There's a second assumption folded into the theory as I've written it, and I want to name it rather than treat it as settled: that technology itself is roughly neutral, and that health emerges from the interaction between the person, the technology, the environment, and the purpose it's used for. That's one possible position. It isn't the only one, and I'm not confident it's the right one. A real competing view holds that technology — or the incentive structures behind it, like how a platform is designed to hold attention — can push people toward unhealthy outcomes regardless of how intentional or self-aware they are. I don't yet know which of these is closer to right, or whether the honest answer turns out to be some of both.


I'm interested because technology is becoming one of the primary environments in which people think, learn, work, socialize, and make decisions. If digital environments increasingly shape how people experience the world, then understanding what makes those environments healthy seems like it could be a design question, a behavioral science question, and a public health question all at once.
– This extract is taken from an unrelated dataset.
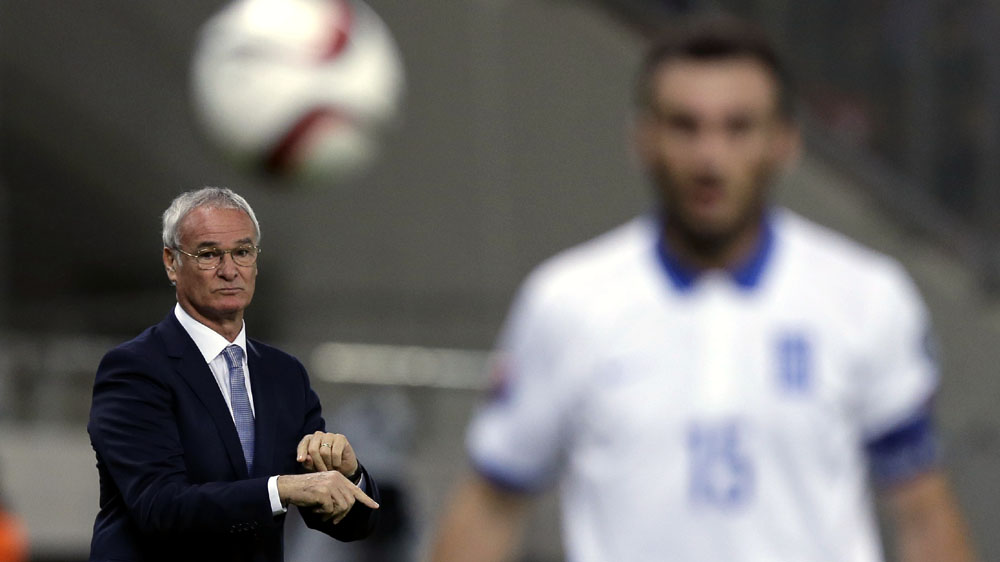 Humilhação diante das Ilhas Faroe leva Grécia a demitir Ranieri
If we define healthy technology poorly, we may build products that optimize for the wrong outcomes. If we define it well, we may be able to design technologies that better support human flourishing.
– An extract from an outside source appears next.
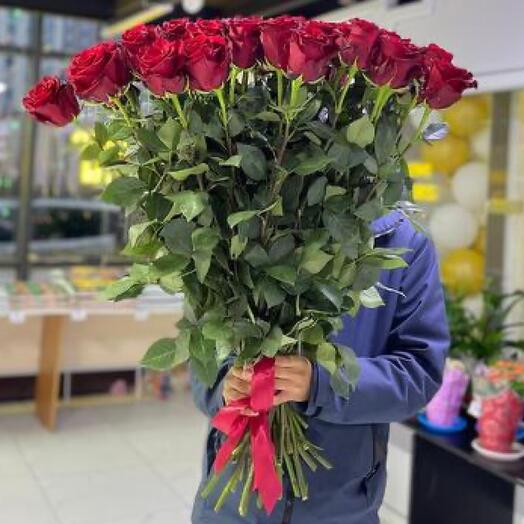 Метровые розы -51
Separate from the theory itself, here's what I'm assuming just to be able to start:

  • that meaningful literature on digital well-being already exists, and is worth finding before I propose my own framework
  • that existing frameworks for thinking about healthy technology use are worth understanding before I trust one I've arrived at myself
  • that "healthy technology use" is a concept that can be investigated systematically, rather than being purely subjective
  • that uncertainty about whether screen time adequately captures healthy technology use is reason enough to investigate the topic, regardless of where the evidence ultimately leads

  • How is healthy technology use currently defined? Is there already an accepted definition?
  • How is it actually measured? What evidence exists that screen time is — or isn't — a meaningful indicator of healthy technology use?
  • What theories already exist that explain healthy interactions with technology? Are there competing theories?
  • What other factors have researchers identified besides time — purpose, autonomy, emotional outcomes, social connection, attention, agency?
  • How do designers currently evaluate whether technology supports or undermines human flourishing?
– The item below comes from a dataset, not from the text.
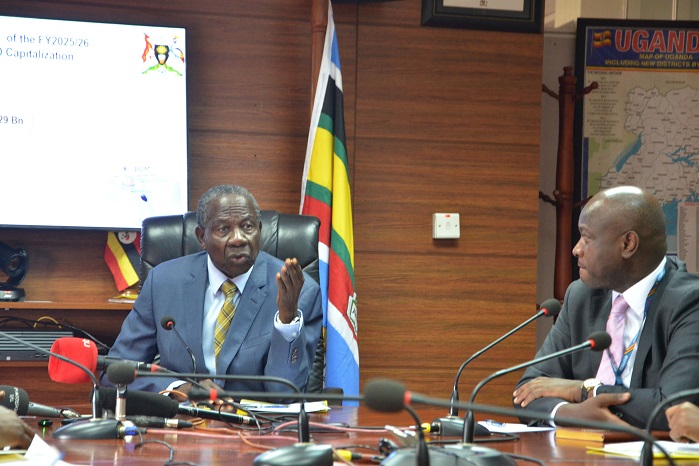 Kasaija releasing PDM funds Tuesday, 18th Vovember 2025c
Questions that could challenge this theory:

  • What evidence suggests screen time is actually a strong predictor of well-being, despite my assumption that it isn't?
  • What evidence suggests platform design or business models matter more than individual agency or intention — that the "relationship" framing understates how much is already determined before a person opens the app?
  • What evidence contradicts the idea that the quality of a person's relationship with technology is the primary factor at all?
  • Is "healthy technology use" even the right question — or does the literature suggest the framing itself is the problem?

Ultimately, the most important question is how much of the working theory above still holds.

  • Which parts are supported?
  • Which need revision?
  • What did I overlook entirely?
  • What evidence most directly contradicts my current thinking?

Before I can evaluate my working theory against the literature, I think these terms need working definitions — not final ones, just definitions specific enough that I can tell whether a given study actually supports or contradicts what I currently believe:

  • healthy technology use
  • digital well-being
  • quality of the relationship (between a person and the technology they use)
  • agency
  • flourishing
  • meaningful action

I haven't defined any of these yet. That's deliberate — naming them now is meant to make sure the literature review actually tests something, rather than letting each term quietly mean whatever a given study happens to measure. These also aren't necessarily the only concepts that matter here. They're simply the ones I currently suspect are central to this investigation, and I expect the list itself to evolve as I work through the literature.